Ten years on, as the world’s central banks slowly unwind the unprecedented stimulus their economies came to rely on, the ECB is a different institution. Policy makers of the old school have been replaced by a new generation, Trichet’s insistence to never pre-commit gave way to Draghi’s forward guidance, and the governing council’s remit was expanded to include banking supervision.

Draghi, who took over the ECB baton from Trichet in late 2011, may signal his future course of policy in Jackson Hole, Wyoming, where he will attend the Fed’s annual symposium on Aug 24-26.

Instead of following the Fed into quantitative easing in 2008 to haul the economy out of the recession triggered by the collapse of Lehman Brothers Holdings Inc, the ECB relied on a policy that would provide banks with unlimited liquidity for years at a time.

Purchases of covered bonds were aimed at rekindling credit growth, and when the central bank eventually ventured into government-debt markets in 2010, it was to restore the transmission mechanism of monetary policy at the beginning of the region’s debt crisis.

A 2012 program that promised large-scale sovereign-bond buying in exchange for structural reforms triggered a lawsuit and was never used.

Deflation risks eventually brought QE to the eurozone in March 2015—four months after the Fed phased out its own scheme. With inflation slowly returning to a region that was on the verge of crumbling when Greece threatened to ditch the single currency, policy makers are about to start a debate about unwinding stimulus. Draghi has promised an update on future asset purchases for autumn.

Even under the most optimistic economic scenario, the normalization process will drag out for years and won’t be concluded until long after asset purchases stop and interest rates begin to rise, according United Bank of Switzerland chief European economist Reinhard Cluse. Some of the once non-standard tools may even continue to be used.

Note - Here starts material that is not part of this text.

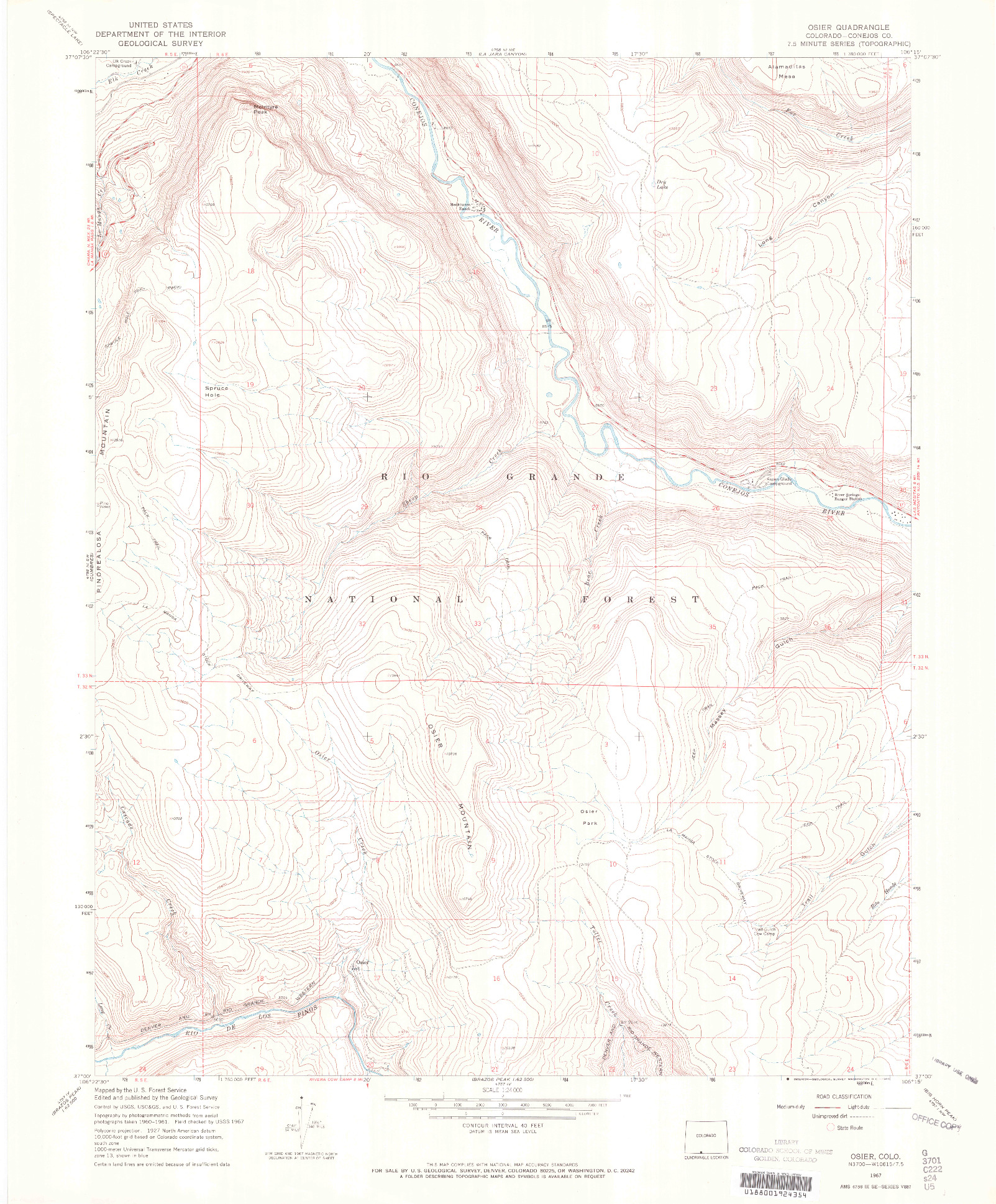 USGS 1:24000-SCALE QUADRANGLE FOR OSIER, CO 1967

“If you look at all the pain which the ECB had in rolling out these facilities—the crises, the politics, the time it took them to start QE—perhaps this was also necessary in the ECB’s growing-up process,” Cluse said. “But now that these policy tools have been invented and implemented, the effect could be that in the future—even after having normalized—we will reach for these instruments again and that they might not have been as extraordinary as we once believed them to be.”